Project ratings will be based on the following categories:
- Research Question or Creative Goal: Does the proposal state and describe the goals of the project? Does the proposal articulate a scholarly question or a professional artistic objective? Are there proposed hypotheses or anticipated outcomes for the project?
- Significance: Does the proposal engage in the key elements of the scholarly process, and situate the concepts, practices, or results of scholarship within a broader context? Is it easy to follow, concise, clear, descriptive and persuasive?
- Methodology: Does the proposal clearly describe the methodology, design, research plan, processes, or procedures that will be used to complete the project? Is the approach appropriate for achieving the project goals? Are there alternative approaches?
- Feasibility: Is the project well-planned, feasible, and clear? Can it be accomplished within the timeline proposed? Does the proposal take into account potential challenges or problems, and how the project will seek to address them?
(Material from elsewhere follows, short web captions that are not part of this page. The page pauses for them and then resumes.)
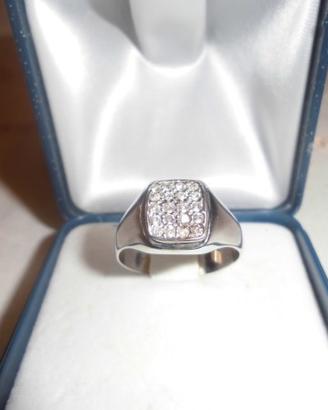 Anello in oro bianco con pave' di brillanti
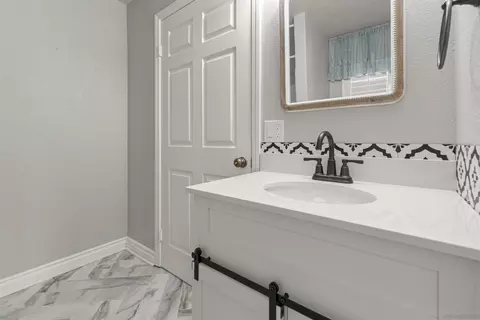 Bath - 12730 8th St, Yucaipa, CA 92399 photo 6 of 6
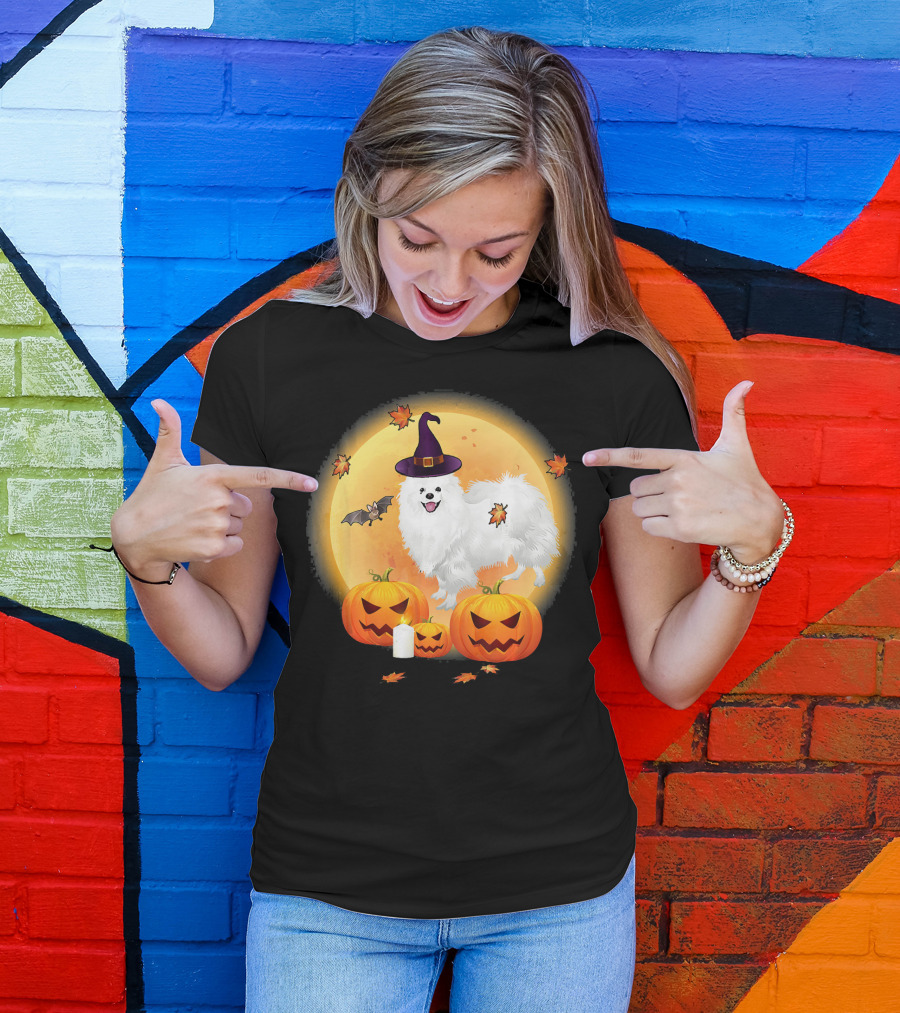 Halloween American Eskimo Dog With Pumpkins And Witch Hat T-Shirt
Student qualifications will be based on the following categories:
- Experience: Experience predicts success in URCO projects. Does the student’s (or students’) experience indicate their competence (e.g., output, presentations, publications)? Does it indicate their dedication and motivation to complete the project (e.g., work ethic, time in a lab, work on projects with faculty)?
- Mentor Support: Does the mentor make a compelling case in recommending the student(s)? Does the mentor indicate their own willingness to invest in the student’s (or students’) success?
- Education Plan: The student(s) should outline 3 to 5 learning objectives or professional goals to be derived from the project. Does the proposal clearly express how this research project will help the student(s) meet those goals?